Boards ought to be focused on big picture issues, setting direction and holding the employees of the organisations to account. Too often that is not the case, giving the competitors a free kick and wasting member and shareholder funds along the way.

These newsagent owned commercial enterprises collectively turn over well over $100 million a year.

Isn’t it time we populated the boards with quality commercial directors as competitors of these businesses do?

19 likes
Ethics

Join the discussion

  1. Bruce

    I am surprised if there is a lack of professionalism on these boards. I had assumed, perhaps wrongly, that it is everyones best interests to get the very best people available for these jobs! These boards are dealing with peoples livelihoods and lives.

    1 likes

  2. Mark Fletcher

    Bruce, too often there are not elections either because of a lack of candidates or because of political manoeuvring. Either way, newsagents are poorly represented.

    1 likes

  3. dpt

    The Board employ a MD/CEO to the wholesaler or association which should be totally responsible for all facets of the business. The board should be advisors and approvers of all set KPI’s from the MD/CEO.
    If you had ‘professional’ Board members, do you think the quality would be better? Do you think the agenda would be much different? Everyone has an agenda.

    0 likes

  4. Peter

    What do we want an Organisation that represents is to the Publishers, IR, Government and various other groups or an Organisation that as well as representing our needs also pursues commercial activities with us which makes it a supplier to us (leave Western Union to one side). I want the former not the latter as if it is both then I believe inevitable conflicts arise. What the Organisation does then should determine the sort of person we need as directors.

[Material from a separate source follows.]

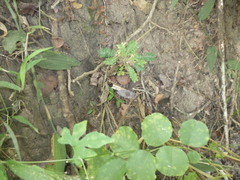 Biophytum sensitivum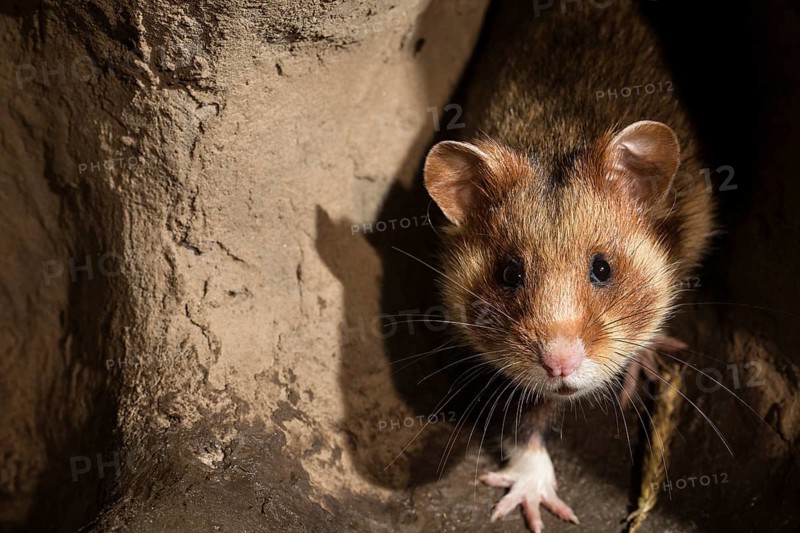 European Hamster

    By the way I find this Hierarchy of State then Federal Organisations representing expensive and wasteful. Perhaps the first move is to roll all state and the ANF into one organisation.

    2 likes

  5. gmc

    We need a national representative body with a properly skilled board – and this means a mix of newsagent and non-newsagent board members to bring the widest skillset and knowledge base to the table. This has been missing for years and is a major contributing factor as to why our national representative body has made very little real, measurable difference to every day newsagents.

    The national body should be able to focus on national issues, not state issues. The ANF cannot effectively manage state based issues and national issues concurrently. IMO, the best way is to have state groups (QNF, VANA, NANA, WANA) dealing with issues on the ground in each state, as the needs of the states are different and localised. The ANF should focus on National issues and there should be a clear demarcation between the two.

    Until we newsagents begin to take an active interest in our associations, what they do and how they represent us, then the standard of our representation will not improve. Our own apathy is our biggest downfall.

    2 likes

  6. Mark Fletcher

    Some states can’t manage state issues. Add up how much newsagents spend on directors of associations and businesses they own and then on the infrastructure of their associations.

    Consolidation among suppliers is not occurring at the representation level – saddling newsagents with a higher cost for poor representation.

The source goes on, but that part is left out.